Portuguese lenders Banco Comercial Portugues SA (BCP), Banco Espirito Santo SA (BES) and Banco BPI SA (BPI) may report losses for 2011 after an increase in impairments related to pension liabilities, Greek bonds and bad loans.
Banco Comercial, the biggest non-state bank by assets, may report a net loss of 760.5 million euros ($1 billion), according to the median of four analyst estimates in a Bloomberg News survey. Espirito Santo, the biggest by market value, may report a 15 million-euro loss, according to the median of five estimates, and BPI may report a 13.5 million-euro loss, according to the median estimate of four analysts.
Portuguese banks have been under pressure after the country became the third in the euro area to request external aid, following Greece and Ireland, and as international regulators demand banks recognize losses on Greek debt holdings.
The impairments related to pension liabilities stem from the transfer to the Portuguese government of part of the banks’ pension funds. The banks were also required to increase provisions for loan losses after their books were audited as part of the European Union and International Monetary Fund’s aid package.
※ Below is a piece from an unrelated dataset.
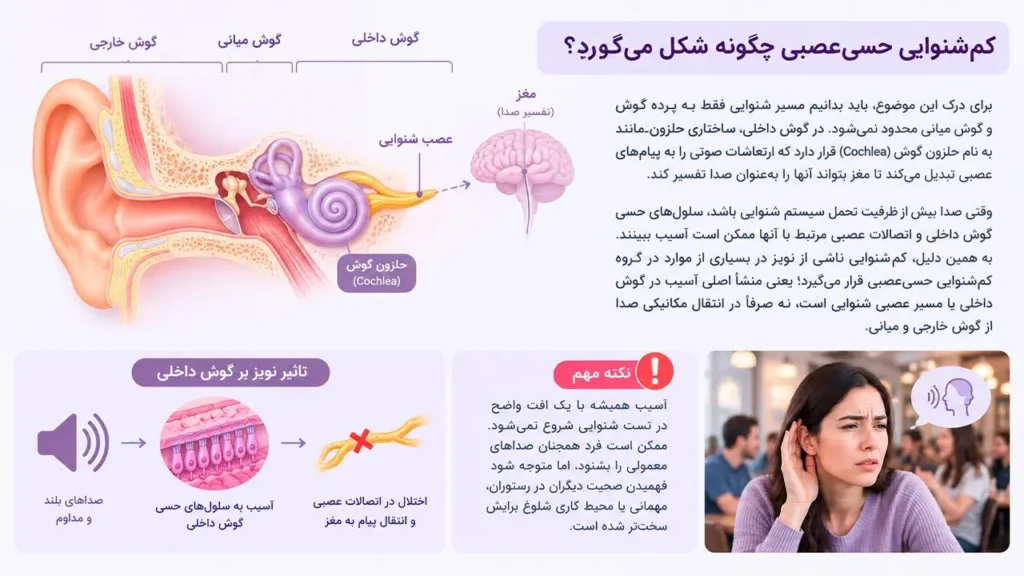 تصویر اینفوگرافیک از کم شنوایی حسی عصبی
Banco Comercial may also report a writedown on its Greek unit, Antonio Ramirez, an analyst at KBW Inc., said in a report Jan. 30.
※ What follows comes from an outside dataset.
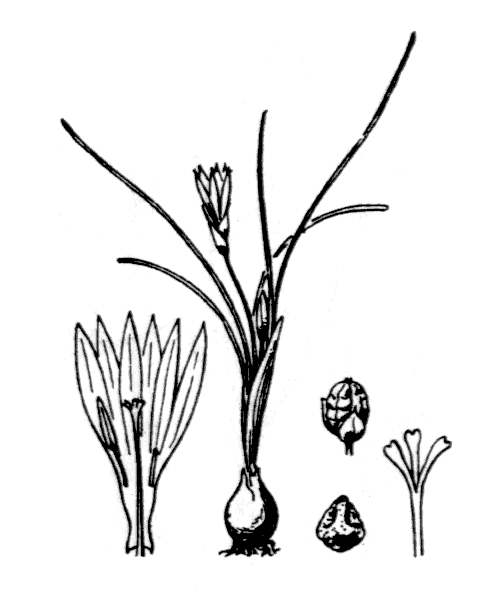 Romulea columnae Sebast. & Mauri - illustration de coste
Estimates for Oporto-based BPI ranged from a loss of 135 million euros to net income of 119 million euros, depending on how the analysts estimate the bank will report a writedown on its Greek bonds.
BPI is scheduled to report earnings today after the 4:30 p.m. close of trading in Lisbon, and Banco Comercial and Espirito Santo plan to report tomorrow.
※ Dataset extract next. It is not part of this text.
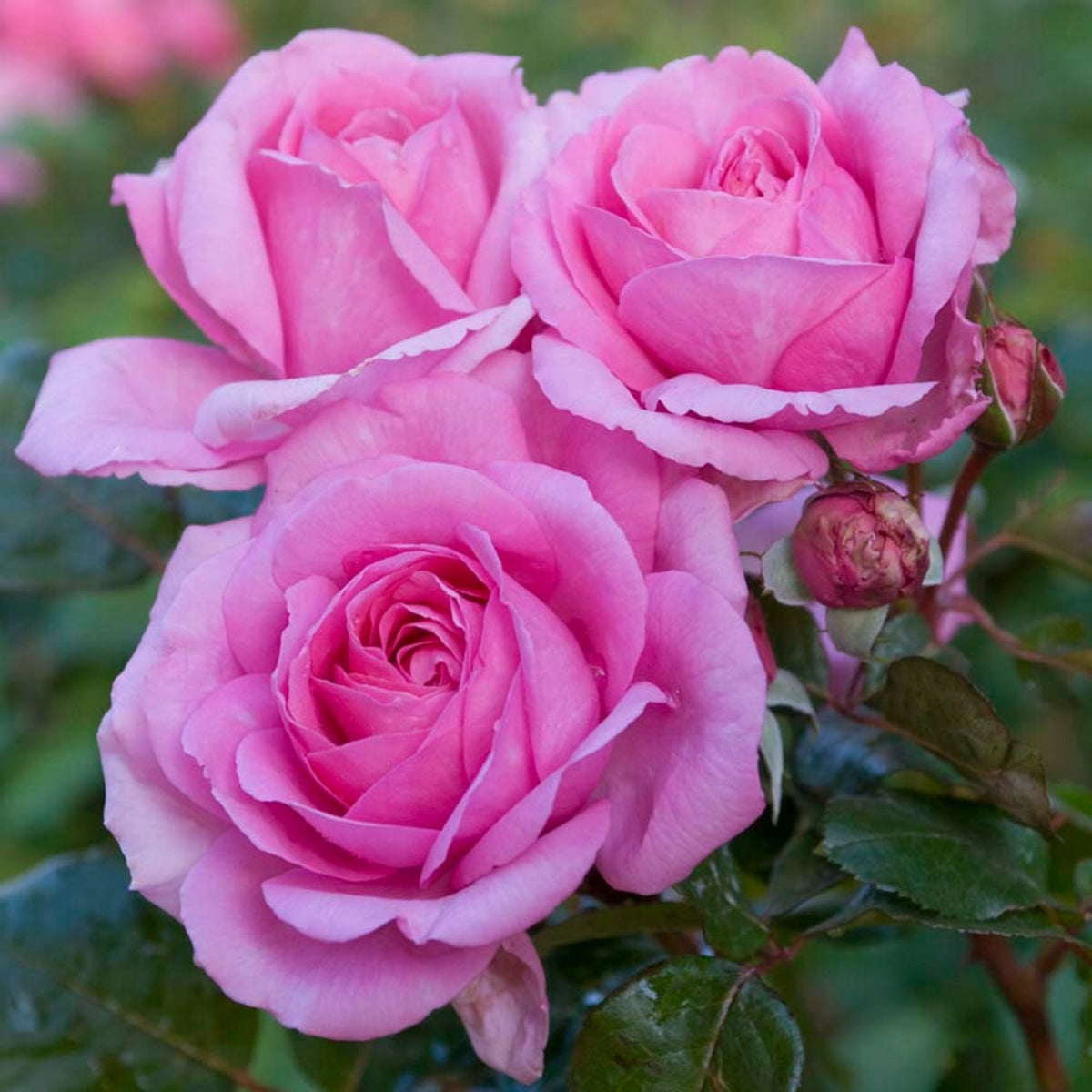 Pink Rose Flower Seeds, 30 seeds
As part of the EU and IMF’s aid plan, banks were required to have a core Tier 1 capital ratio, a measure of financial strength, of 9 percent by the end of 2011 and 10 percent by the end of 2012.
Banks’ earnings may still be under pressure this year even without the one-time increases in impairments, said Antonio de Sousa, president of the Association of Portuguese Banks.
“2012 won’t be much better,” de Sousa told reporters in Lisbon on Jan. 31. “The banks’ retail business is very depressed.”